# Two weeks in Cape Town - a photographers paradise!



## Ivan Muller (Jan 17, 2014)

From a photographers perspective Cape town must have it all. Landscapes, cityscapes, 'THE MOUNTAIN', super friendly people, wine, beaches all within half an hours drive. I just got my new 6D at the end of last year and it was just perfect. 

More of my Cape Town images can be seen here at . . . http://thelazytravelphotographer.blogspot.com/2014/01/my-canon-eos-6d-review-part-1-image.html


----------



## wickidwombat (Jan 17, 2014)

nice work mate havent been there in ages since 2008 actually
drove the garden route up to durbin over a few days stopping all over the place
well worth doing IMO (wish i had spent more time in port elizabeth though)


----------



## Ivan Muller (Jan 17, 2014)

Thanks! Haven't been to Cape Town on an extended holiday myself for more than 10years, except for the occasional weekend, but I was mightily impressed by how beautiful it was, how everything just ran smoothly and by how much there is to see and do. Only problem is that the sea is too cold to swim in and there Durban/Natal beats Cape Town hands down!


----------



## wickidwombat (Jan 17, 2014)

Ivan Muller said:


> Thanks! Haven't been to Cape Town on an extended holiday myself for more than 10years, except for the occasional weekend, but I was mightily impressed by how beautiful it was, how everything just ran smoothly and by how much there is to see and do. Only problem is that the sea is too cold to swim in and there Durban/Natal beats Cape Town hands down!

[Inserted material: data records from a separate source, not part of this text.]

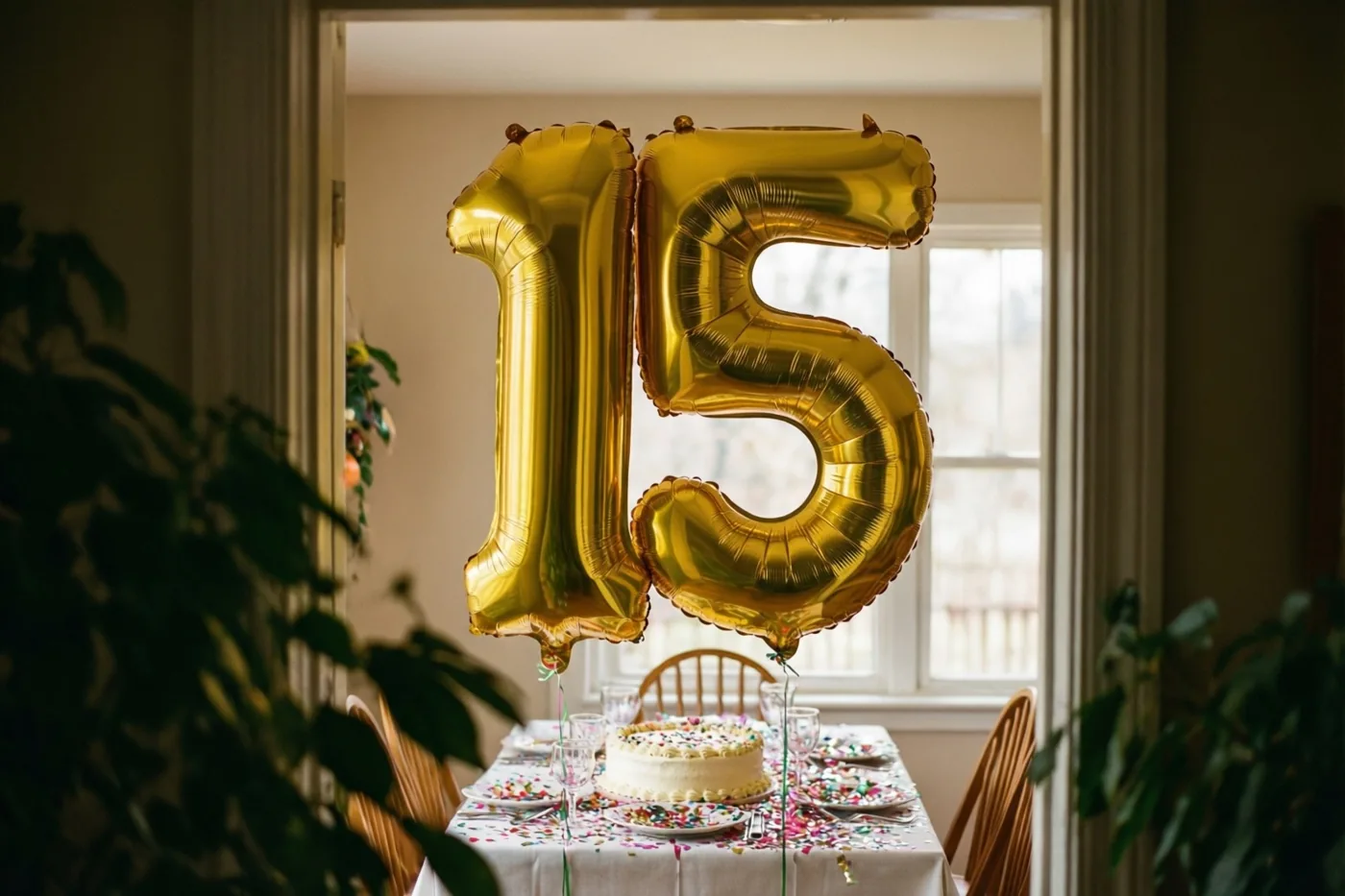 Door een deuropening zijn grote gouden folieballonnen met 15 te zien boven een feesttafel met taart en confetti in een warm verlichte kamer.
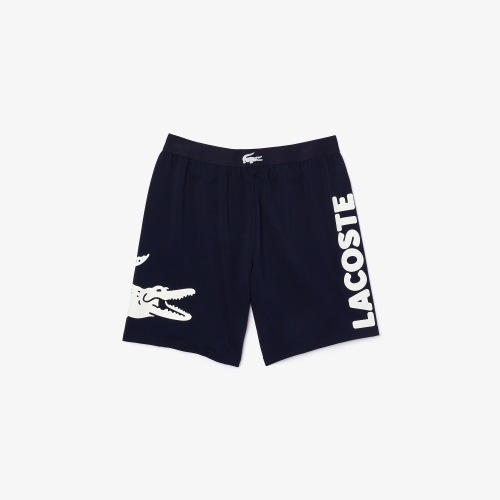 Men's Crocodile Print And Branded Stretch Cotton Indoor Shorts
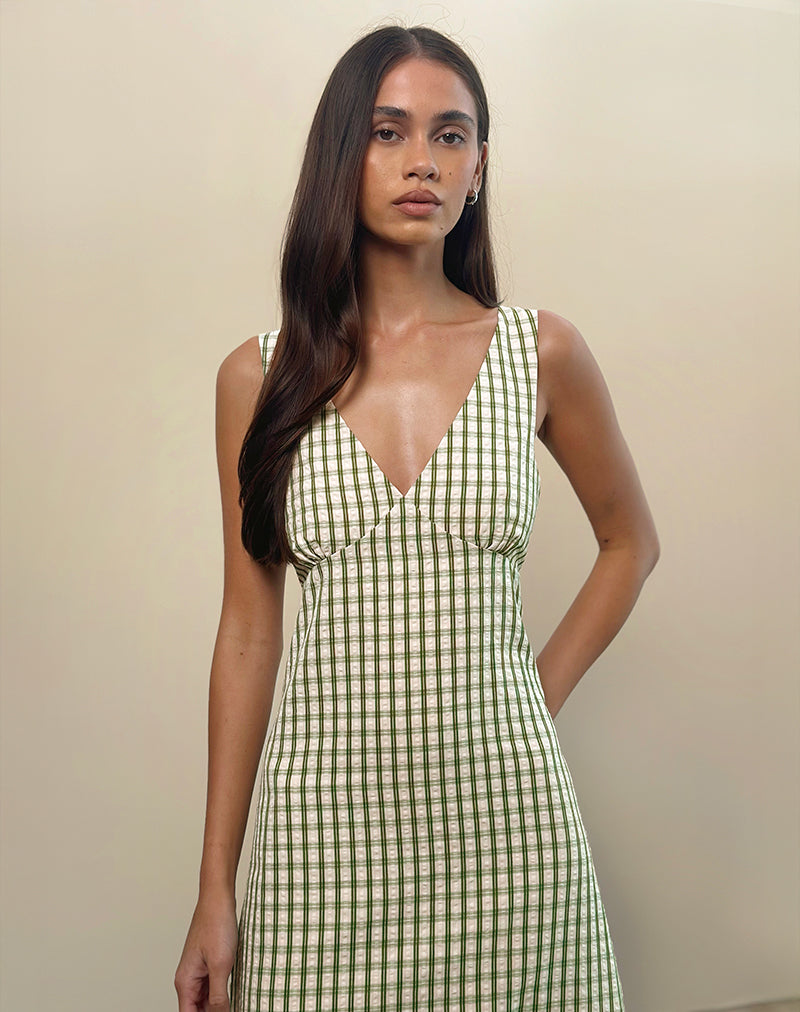 Green Check Midi Dress | Lavisha motelrocks.com Green Check Midi Dress | Lavisha motelrocks.com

cape town feels like another country compared to the rest of SA
quite wierd really but a nice wierd


----------



## canon1dxman (Jan 17, 2014)

I love Cape Town and some great images on your blog remind me of many happy days there. Two of my favourite times were 1) taking the Huey on a combat mission from the Waterfront and 2) Great White photography from the boats out of Klein Bay! Must go back soon.


----------



## Click (Jan 17, 2014)

Very nice series. I especially like the 2nd one. Well done.


----------



## Ivan Muller (Jan 17, 2014)

Thanks all! I will post some more as I get through the processing....


----------